With Captive portal set to interim and no reauthentication/minute by the captive portal, freeRadius does appear to accurately reflect the data usage to date of all "logged out devices" per user account. freeRadius also retains interim data files for devices that have not yet logged out and Captive Portal shows the device logged in for the period of time until a logout is forced by the Captive Portal due to the Captive Portal inactivity setting.
Updated by Marcos M almost 2 years ago
- Status changed from Feedback to Resolved
The original issue is now resolved; traffic is recorded correctly:
print_r(pfSense_pf_cp_get_eth_rule_counters("cpzoneid_2_auth/10.0.1.102_32")); Array ( [0] => Array ( [direction] => 1 [evaluations] => 728145 [input_pkts] => 81866 [input_bytes] => 36867259 ) [1] => Array ( [direction] => 2 [evaluations] => 645870 [output_pkts] => 314081 [output_bytes] => 457773782 ) )Regarding the feedback above; if I understand correctly, the issues are as follows:
- Using "Stop/Start (FreeRADIUS)" for "Send accounting updates" leads to the data usage count becoming increasingly inaccurate, showing a higher usage count than expected.
- When using "Interim" for "Send accounting updates" along with "Multiple" for "Concurrent user logins", all login sessions for that user are not logged out.
- User-specific traffic quotas (the "Amount of Download and Upload Traffic" option within the FreeRADIUS user configuration) correctly leads to the user being logged out after the quota is reached, but the user is able to log in again instead of being blocked.
The second one is expected. By enabling "Reauthenticate Users", all sessions will be re-authenticated every minute and hence logged out and rejected on subsequent attempts to log in.
I was not able to replicate the third one - the authentication attempt is correctly rejected and the user cannot log in. This is with "Interim" selected, and "Reauthenticate Users" unchecked:
Jan 1 17:42:25 radiusd 24492 (9) Rejected in post-auth: [User01/<via Auth-Type = mschap>] (from client localhost port 2000 cli 14:91:82:xx:xx:xx)

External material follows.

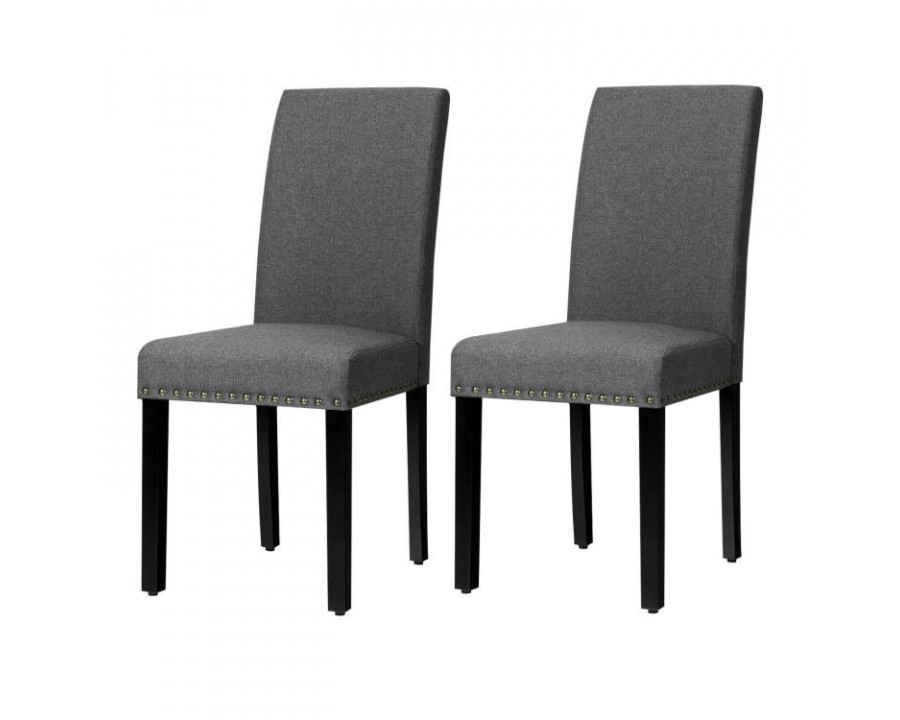 FaFurn - Set of 2 Dining Chairs in Gray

Jan 1 17:42:25 radiusd 24492 (9) Login incorrect (Failed retrieving values required to evaluate condition): [User01/<via Auth-Type = mschap>] (from client localhost port 2000 cli 14:91:82:xx:xx:xx)
If steps can be provided to reproduce these issues, they need their own bug report.

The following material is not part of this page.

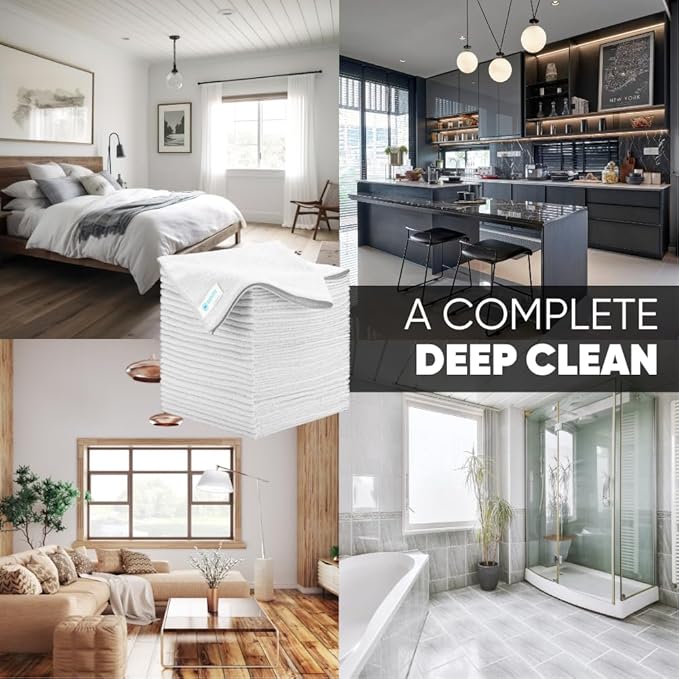 Microfiber Wholesale Bulk 16" x 16" All Purpose Towels Case Quantity (200 Count) | Large | No Fraying | High Density Microfiber | Zero Chemical Cleaner | Long-Lasting (White)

Updated by Marcos M almost 2 years ago
- Related to Regression #13823: RADIUS attribute pfSense-Max-Total-Octets is not parsed correctly added
Updated by Dale Harron almost 2 years ago
The solution that was applied for stop/start freeRadius that sends only incremental data use in each stop/start packet to freeRadius works well because it effectively bypasses the concern under 13843 as the freeRadius supplied value for max-octets-user is unimportant.
If you applied this logic to all incremental communication with freeRadius under reauthenticate every minute and interim, they too would not care about the 32 bit unsigned integer concern in 13843 and you could remove the UNUSABLE 4095 GB maximum now enforced in the freeRadius GUI front end. freeRadius will cumulate the incremental amounts as designed into user specific used-octets-user-uniqueID files and cumulate them to the used-octets-user file used by freeRadius to ascertain if a false (logout) should be sent back to pfSense Captive Portal to log the user out when the limit is reached.
If the fact multi users are logged in and freeRadius does not account for their data usage until they formally log out, or time out, is a problem to the pfSense installation, that is when either reauthenticate every minute or stop/start freeRadius are applicable and either will effect cumulation of data into the used-octets-user file so that freeRadius is tracking data usage for all users. This is by design and need not be compensated for beyond these two options.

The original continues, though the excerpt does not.